RECORDS ▸
>>

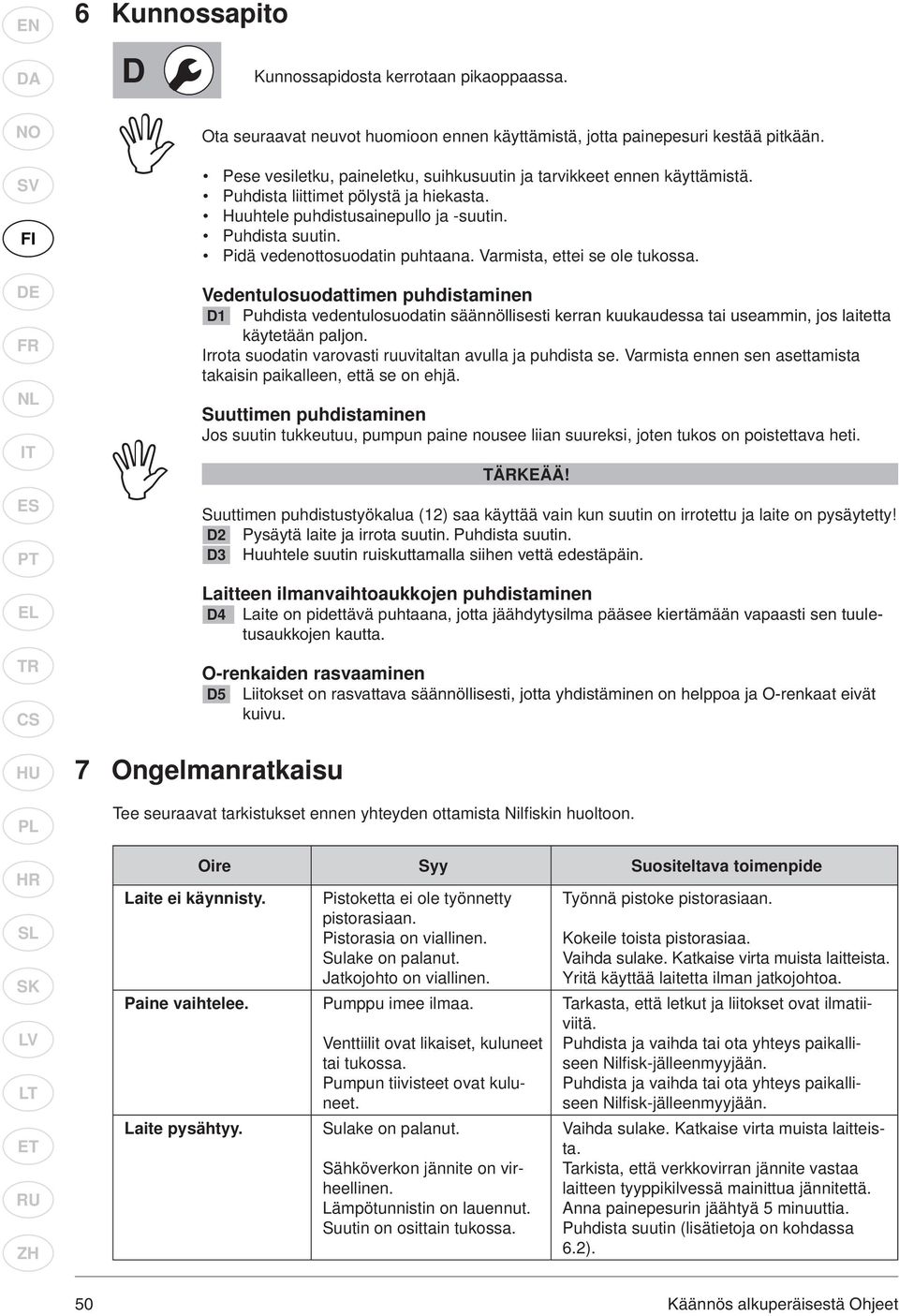 Pidä vedenottosuodatin puhtaana. Varmista, ettei se ole tukossa.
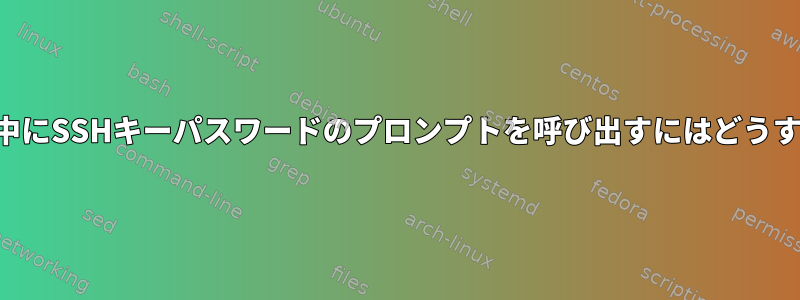 スクリプトの実行中にSSHキーパスワードのプロンプトを呼び出すにはどうすればよいですか？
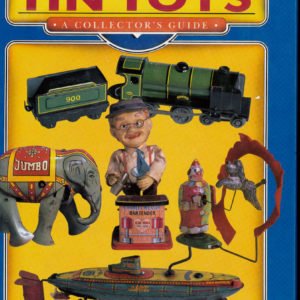 POST-WAR TIN TOYS: A COLLECTOR’S GUIDE: NM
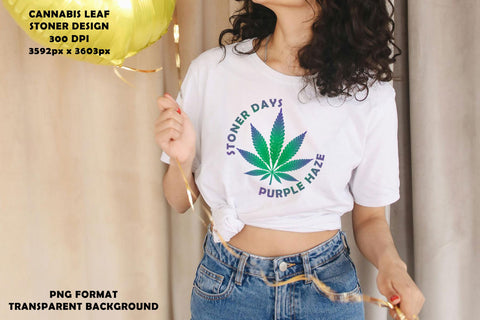 Stoner Days Cannabis Leaf Marijuana Weed Png Illustration Sublimation Karma Genie Graphics 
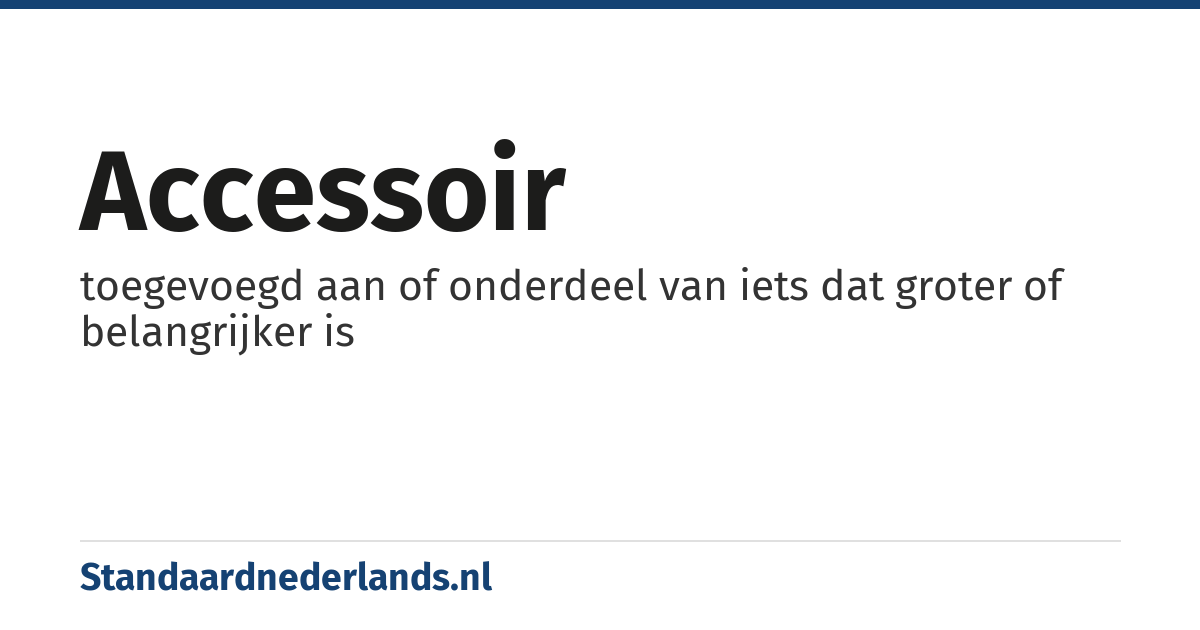 accessoir: toegevoegd aan of onderdeel van iets dat groter of belangrijker is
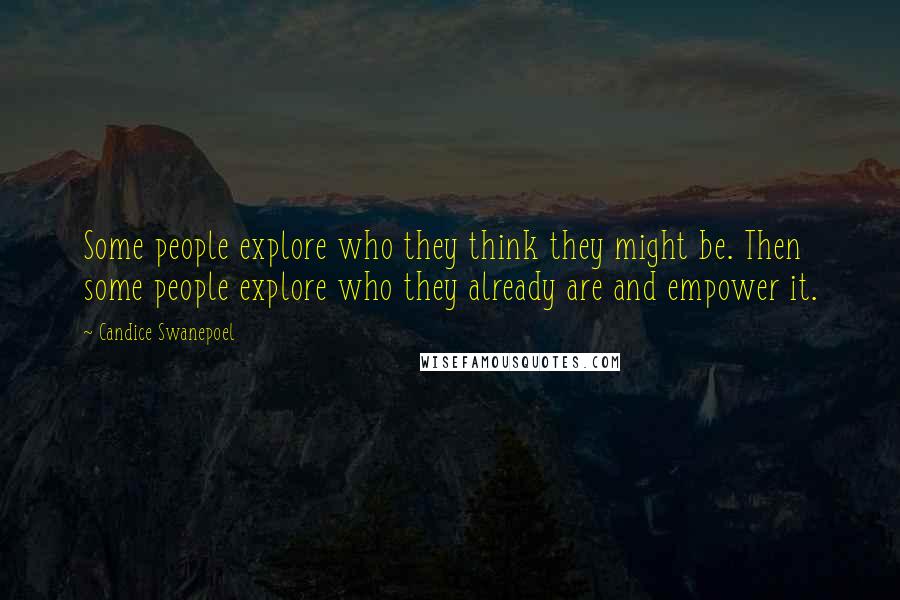 Candice Swanepoel Quotes: Some people explore who they think they might be. Then some people explore who they already are and empower it.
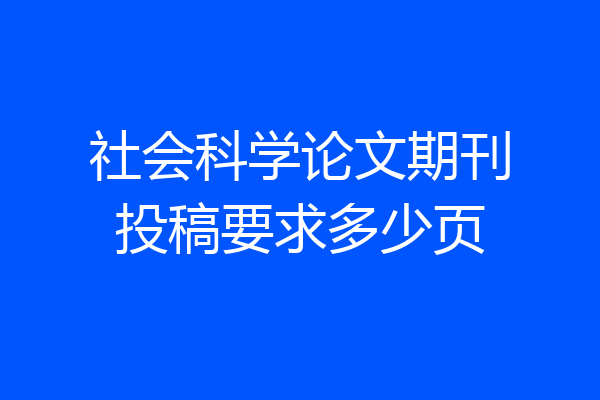 社会科学论文期刊投稿要求多少页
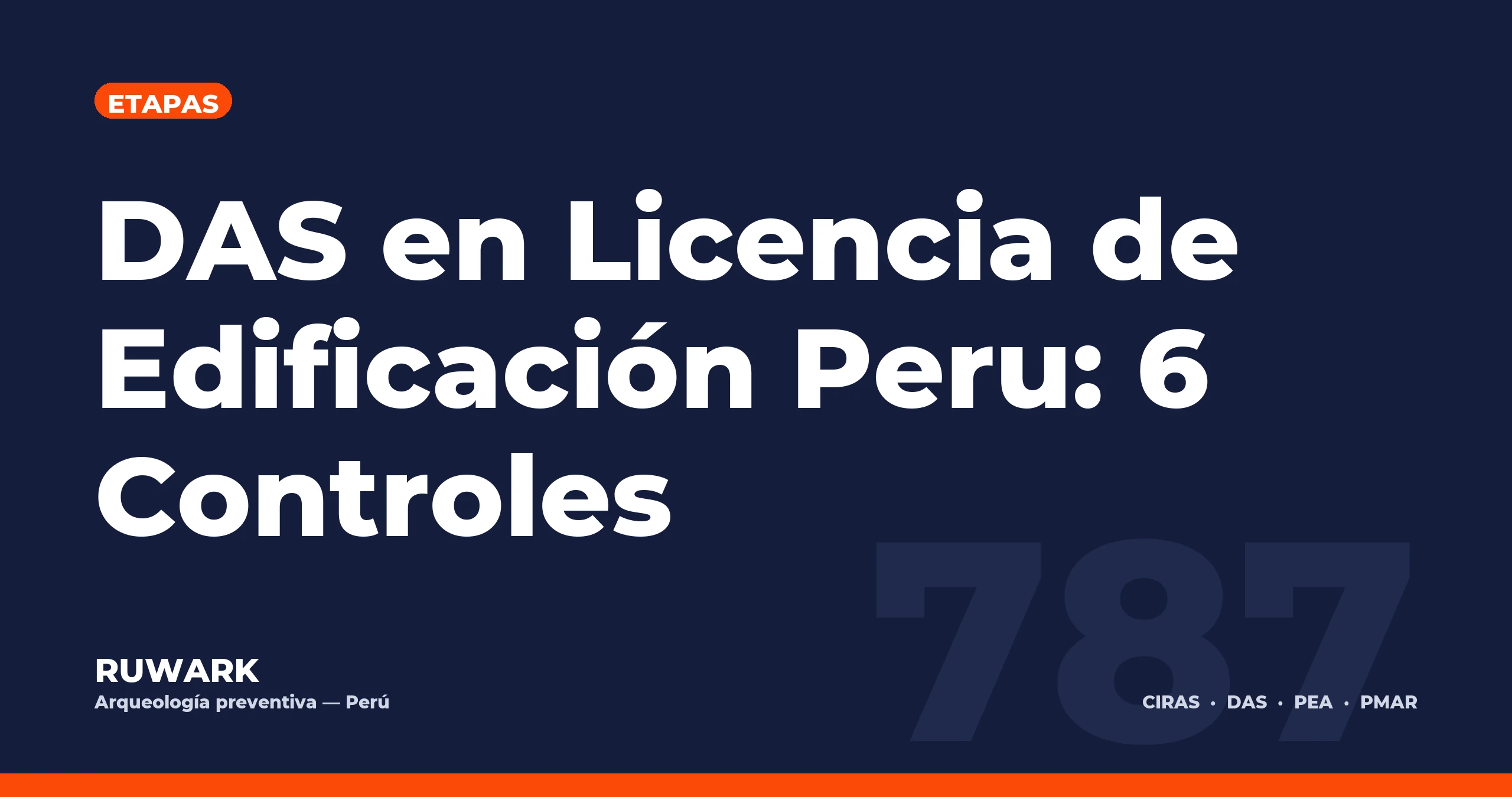 Portada blog 787 - DAS en Licencia de Edificacion Peru: 6 Controles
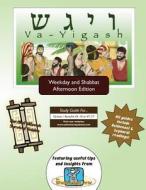 Bar/Bat Mitzvah Survival Guides: Va-Yigash (Weekdays & Shabbat PM) di Elliott Michaelson Majs edito da Adventure Judaism Classroom Solutions, Inc.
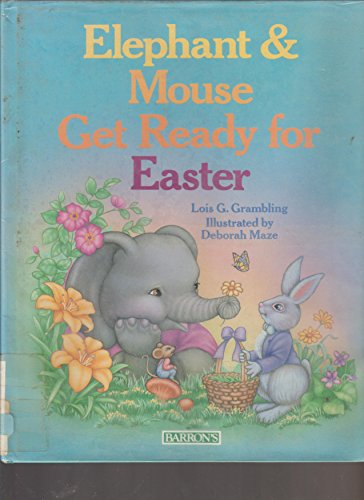 Imagen de archivo de Elephant and Mouse Get Ready for Easter a la venta por ThriftBooks-Dallas
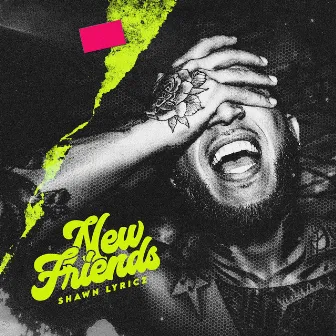 New Friends by Shawn Lyricz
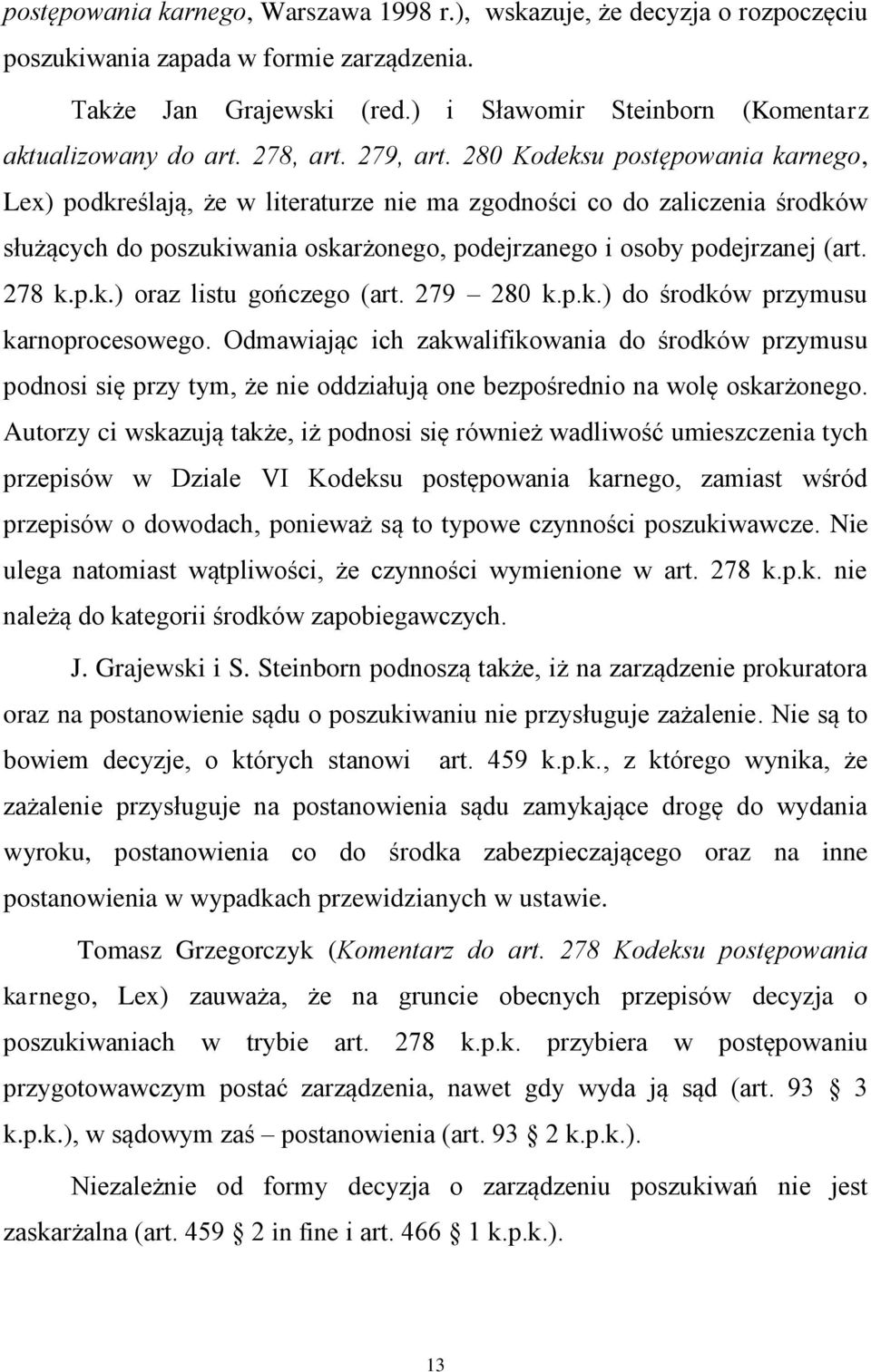 280 Kodeksu postępowania karnego, Lex) podkreślają, że w literaturze nie ma zgodności co do zaliczenia środków służących do poszukiwania oskarżonego, podejrzanego i osoby podejrzanej (art. 278 k.p.k.) oraz listu gończego (art.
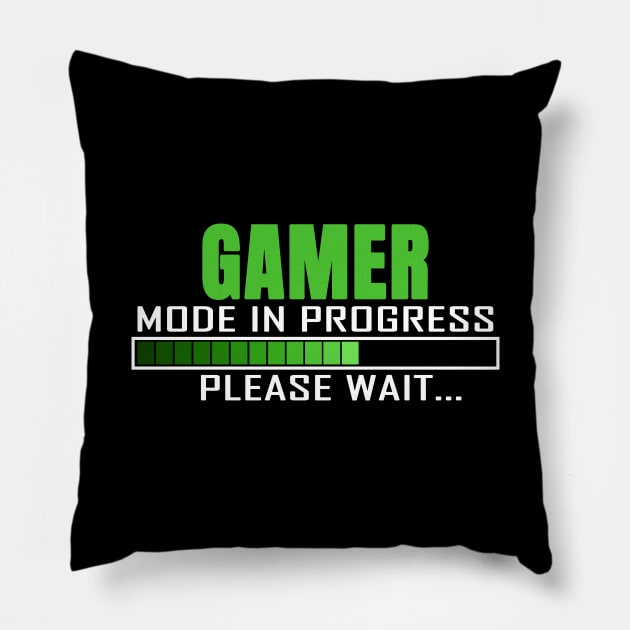 Gamer Mode in Progress Please Wait Design Quote Pillow by jeric020290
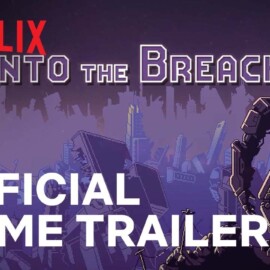 Into the Breach | Official Game Trailer | Netflix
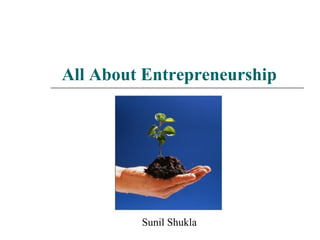 All About Entrepreneurship
Sunil Shukla
 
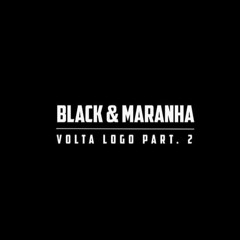 NDR & Maranha - Volta Logo Pt II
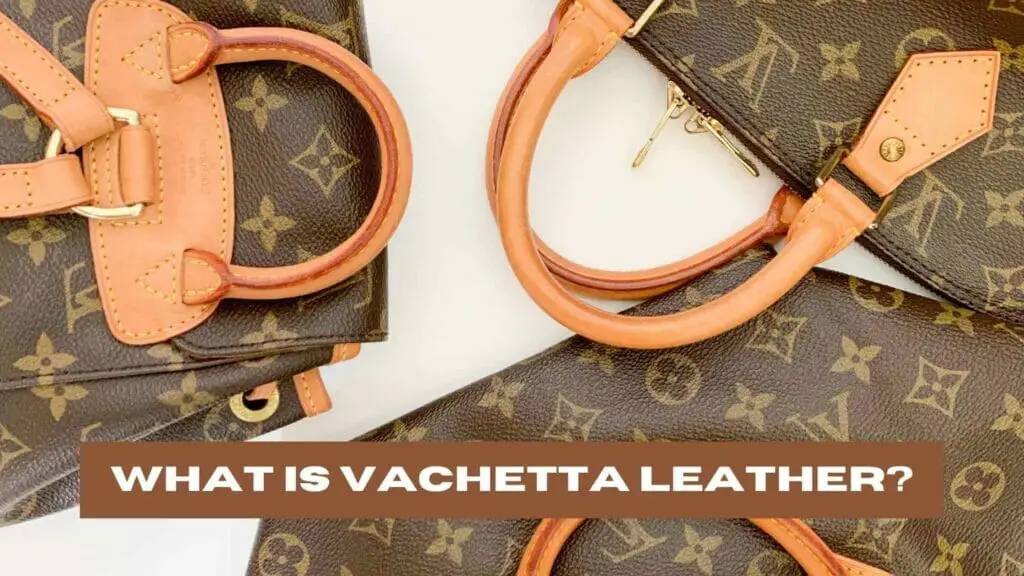 Photo of Louis Vuitton handbags made of Vachetta leather. What is Vachetta Leather?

<<

YOUR GOAL ▸ Reproduce the final stretch of lines exactly: the line containing "All About Entrepreneurship" through the last line of the data, both included. Pictures do not belong in the copy.

EXPECTED OUTPUT ▸
 All About Entrepreneurship
Sunil Shukla
 
 NDR & Maranha - Volta Logo Pt II
 Photo of Louis Vuitton handbags made of Vachetta leather. What is Vachetta Leather?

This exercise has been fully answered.